§ **PROBLEM DETAILS**:
Transcribe exactly the lines from the top of the records below through the line that holds "Obraz premium Business", both included, with no pictures.

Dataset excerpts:

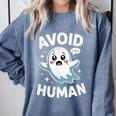 Avoid Humans Cute Kawaii Pastel Ghost Introvert Saying Comfort Colors Sweatshirt Blue Jean Avoid Humans Cute Kawaii Pastel Ghost Introvert Saying Comfort Colors Sweatshirt Blue Jean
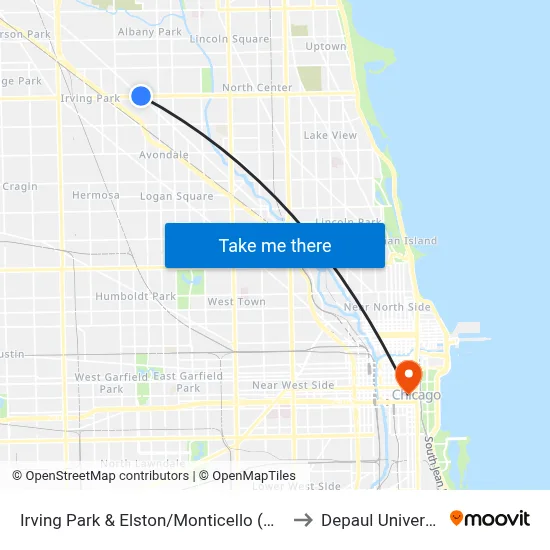 Irving Park & Elston/Monticello (West) to Depaul University map
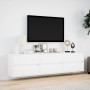 Wall-mounted TV stand with white LED lights 180x31x45 cm by , TV Furniture - Ref: Foro24-3307933, Price: 180,97 €, Discount: %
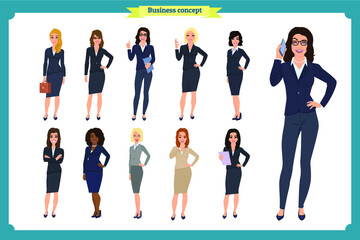 Obraz premium Business people set of women's. Businesswoman character design. isolated vector on white. People character set in various poses different nationalities.flat cartoon. Business woman. Teamwork, office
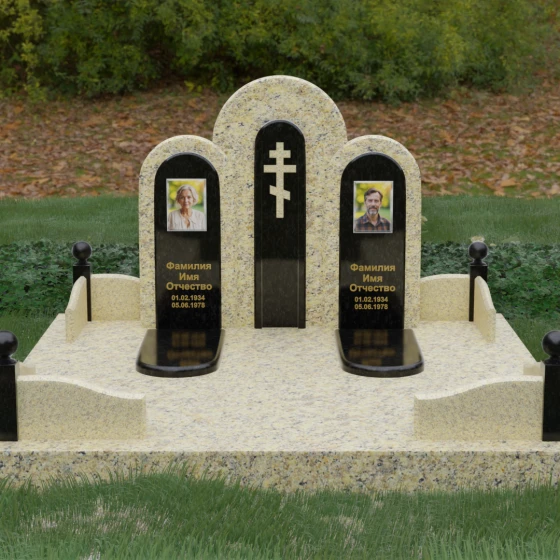 Православный вертикальный комбинированный памятник на двоих в Волгограде, гранит Мансуровский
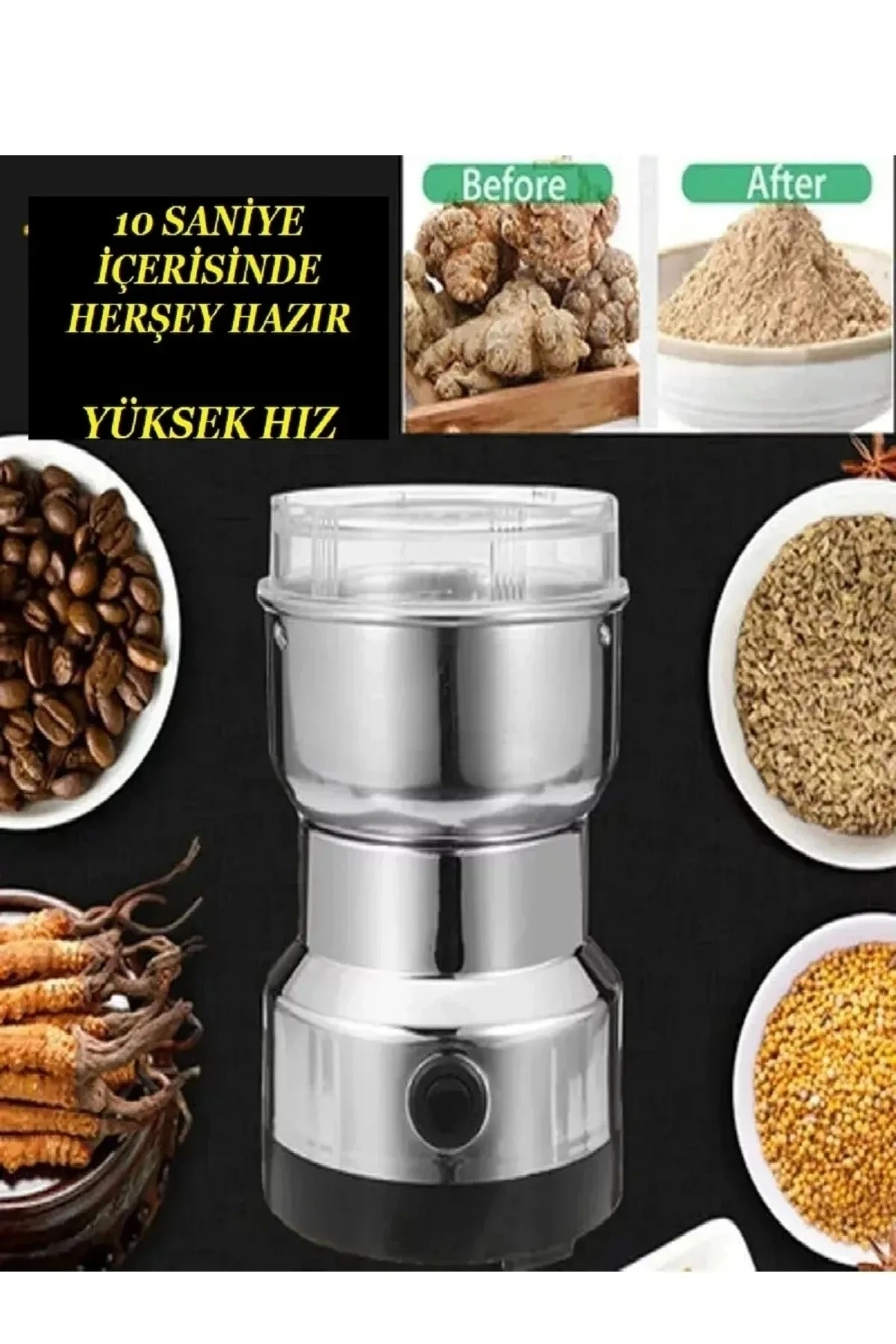 BUĞZ Elektrikli Paslanmaz Çelik Baharat Pirinç Öğütücü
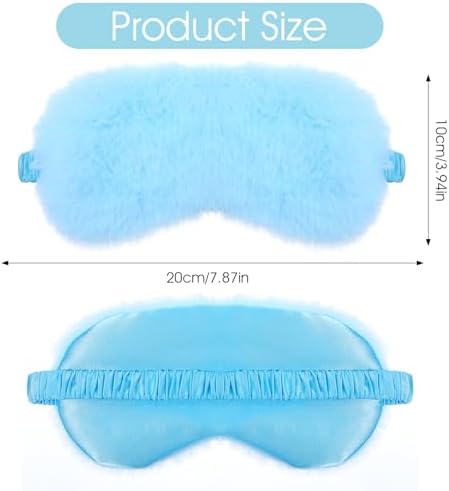 2 Pcs Plush Leopard Eye Mask Soft Sleeping Blindfold Eye Cover Comfortable Furry Faux Fur Sleeping Mask Satin Nap Night Eyeshade Cover for Women Men Gift (Green, Blue)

§ **SOLUTION**:
 Avoid Humans Cute Kawaii Pastel Ghost Introvert Saying Comfort Colors Sweatshirt Blue Jean Avoid Humans Cute Kawaii Pastel Ghost Introvert Saying Comfort Colors Sweatshirt Blue Jean
 Irving Park & Elston/Monticello (West) to Depaul University map
 Wall-mounted TV stand with white LED lights 180x31x45 cm by , TV Furniture - Ref: Foro24-3307933, Price: 180,97 €, Discount: %
 Obraz premium Business people set of women's. Businesswoman character design. isolated vector on white. People character set in various poses different nationalities.flat cartoon. Business woman. Teamwork, office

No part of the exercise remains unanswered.